Records drawn from a dataset:

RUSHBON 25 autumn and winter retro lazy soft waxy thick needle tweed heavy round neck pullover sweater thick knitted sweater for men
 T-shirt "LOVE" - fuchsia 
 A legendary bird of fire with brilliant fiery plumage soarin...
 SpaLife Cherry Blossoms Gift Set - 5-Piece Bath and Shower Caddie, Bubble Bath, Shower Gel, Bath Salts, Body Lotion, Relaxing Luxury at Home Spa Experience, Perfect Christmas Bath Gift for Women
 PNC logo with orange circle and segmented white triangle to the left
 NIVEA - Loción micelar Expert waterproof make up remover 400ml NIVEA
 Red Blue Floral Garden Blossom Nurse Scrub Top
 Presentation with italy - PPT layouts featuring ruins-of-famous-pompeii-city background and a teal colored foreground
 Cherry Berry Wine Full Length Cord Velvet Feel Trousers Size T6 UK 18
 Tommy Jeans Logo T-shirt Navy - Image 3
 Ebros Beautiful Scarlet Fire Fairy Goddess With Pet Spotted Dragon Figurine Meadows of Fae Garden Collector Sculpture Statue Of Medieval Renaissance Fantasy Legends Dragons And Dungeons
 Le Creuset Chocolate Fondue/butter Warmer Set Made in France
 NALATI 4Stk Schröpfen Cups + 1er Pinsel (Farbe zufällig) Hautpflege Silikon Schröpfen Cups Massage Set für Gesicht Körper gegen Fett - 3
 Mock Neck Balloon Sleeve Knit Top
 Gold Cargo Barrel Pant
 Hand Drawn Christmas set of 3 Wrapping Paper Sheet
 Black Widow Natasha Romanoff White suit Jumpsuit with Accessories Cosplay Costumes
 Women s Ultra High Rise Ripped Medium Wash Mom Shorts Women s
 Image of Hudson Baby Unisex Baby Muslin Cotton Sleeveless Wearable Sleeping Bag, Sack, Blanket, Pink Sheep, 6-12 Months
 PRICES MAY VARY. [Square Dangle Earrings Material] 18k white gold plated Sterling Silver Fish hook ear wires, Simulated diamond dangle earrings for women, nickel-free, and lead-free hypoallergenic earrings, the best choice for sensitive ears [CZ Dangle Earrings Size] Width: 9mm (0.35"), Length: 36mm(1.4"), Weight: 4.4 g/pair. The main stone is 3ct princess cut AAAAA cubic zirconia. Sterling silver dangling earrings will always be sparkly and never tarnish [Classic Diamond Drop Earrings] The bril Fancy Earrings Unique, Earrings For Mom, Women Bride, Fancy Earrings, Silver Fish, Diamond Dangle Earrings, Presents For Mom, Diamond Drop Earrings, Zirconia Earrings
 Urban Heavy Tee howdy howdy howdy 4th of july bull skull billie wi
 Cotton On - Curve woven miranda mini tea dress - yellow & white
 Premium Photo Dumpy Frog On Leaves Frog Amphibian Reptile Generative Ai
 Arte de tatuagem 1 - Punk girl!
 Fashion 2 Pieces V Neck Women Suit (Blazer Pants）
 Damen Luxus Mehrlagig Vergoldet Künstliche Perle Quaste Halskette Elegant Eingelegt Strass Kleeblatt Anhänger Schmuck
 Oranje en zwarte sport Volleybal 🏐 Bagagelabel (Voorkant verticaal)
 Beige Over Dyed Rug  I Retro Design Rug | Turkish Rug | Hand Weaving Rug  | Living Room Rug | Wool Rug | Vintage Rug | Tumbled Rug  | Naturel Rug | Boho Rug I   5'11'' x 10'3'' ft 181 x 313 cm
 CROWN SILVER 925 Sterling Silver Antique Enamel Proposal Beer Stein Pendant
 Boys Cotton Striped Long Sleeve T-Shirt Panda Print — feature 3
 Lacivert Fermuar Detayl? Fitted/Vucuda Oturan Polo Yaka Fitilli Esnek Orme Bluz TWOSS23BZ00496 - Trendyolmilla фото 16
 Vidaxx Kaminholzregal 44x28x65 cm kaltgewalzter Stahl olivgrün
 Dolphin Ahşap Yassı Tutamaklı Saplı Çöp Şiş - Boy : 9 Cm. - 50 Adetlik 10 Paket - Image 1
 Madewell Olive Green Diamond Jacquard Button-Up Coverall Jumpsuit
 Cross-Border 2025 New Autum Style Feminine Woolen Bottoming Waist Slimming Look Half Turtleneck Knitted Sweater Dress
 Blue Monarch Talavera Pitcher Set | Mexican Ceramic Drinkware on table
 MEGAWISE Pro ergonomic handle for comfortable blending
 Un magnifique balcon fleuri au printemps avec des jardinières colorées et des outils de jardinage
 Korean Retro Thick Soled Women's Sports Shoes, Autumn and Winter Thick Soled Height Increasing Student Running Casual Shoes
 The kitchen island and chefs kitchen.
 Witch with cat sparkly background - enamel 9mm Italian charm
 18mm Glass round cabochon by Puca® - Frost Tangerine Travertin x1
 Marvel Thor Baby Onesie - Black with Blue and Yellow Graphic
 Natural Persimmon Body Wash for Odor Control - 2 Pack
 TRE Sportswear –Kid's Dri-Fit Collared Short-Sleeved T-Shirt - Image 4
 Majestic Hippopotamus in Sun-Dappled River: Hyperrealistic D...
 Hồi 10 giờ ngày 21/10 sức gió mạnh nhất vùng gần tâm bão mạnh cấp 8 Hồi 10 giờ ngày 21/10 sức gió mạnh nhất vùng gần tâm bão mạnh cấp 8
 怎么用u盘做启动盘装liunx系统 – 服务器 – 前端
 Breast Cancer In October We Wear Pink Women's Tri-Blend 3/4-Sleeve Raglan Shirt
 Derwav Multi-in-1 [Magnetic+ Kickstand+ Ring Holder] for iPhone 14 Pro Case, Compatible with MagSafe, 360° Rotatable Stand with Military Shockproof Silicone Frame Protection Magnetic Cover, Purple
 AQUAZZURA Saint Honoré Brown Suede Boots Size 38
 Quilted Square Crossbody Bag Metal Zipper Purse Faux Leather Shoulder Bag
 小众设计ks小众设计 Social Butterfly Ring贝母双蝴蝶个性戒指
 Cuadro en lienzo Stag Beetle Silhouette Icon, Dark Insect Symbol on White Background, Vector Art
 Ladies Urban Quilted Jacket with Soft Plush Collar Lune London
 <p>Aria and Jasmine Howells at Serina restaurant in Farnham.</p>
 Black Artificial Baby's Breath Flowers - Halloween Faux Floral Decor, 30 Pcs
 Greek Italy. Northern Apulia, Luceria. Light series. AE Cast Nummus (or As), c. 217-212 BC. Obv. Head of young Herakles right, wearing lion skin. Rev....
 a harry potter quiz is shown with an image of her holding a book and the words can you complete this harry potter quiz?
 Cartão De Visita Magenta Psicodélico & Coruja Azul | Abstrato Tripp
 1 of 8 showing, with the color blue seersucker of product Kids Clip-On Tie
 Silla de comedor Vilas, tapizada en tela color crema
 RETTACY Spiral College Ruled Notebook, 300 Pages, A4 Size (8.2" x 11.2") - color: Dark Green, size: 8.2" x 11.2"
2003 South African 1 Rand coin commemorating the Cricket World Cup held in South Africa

**WORK TO BE COMPLETED**
Word for word, restate the lines of the data above that fall between the line holding "CROWN SILVER 925" and the line holding "Lacivert Fermuar Detayl?", inclusive, and no other lines.

**RESPONSE FOR THIS EXERCISE**
 CROWN SILVER 925 Sterling Silver Antique Enamel Proposal Beer Stein Pendant
 Boys Cotton Striped Long Sleeve T-Shirt Panda Print — feature 3
 Lacivert Fermuar Detayl? Fitted/Vucuda Oturan Polo Yaka Fitilli Esnek Orme Bluz TWOSS23BZ00496 - Trendyolmilla фото 16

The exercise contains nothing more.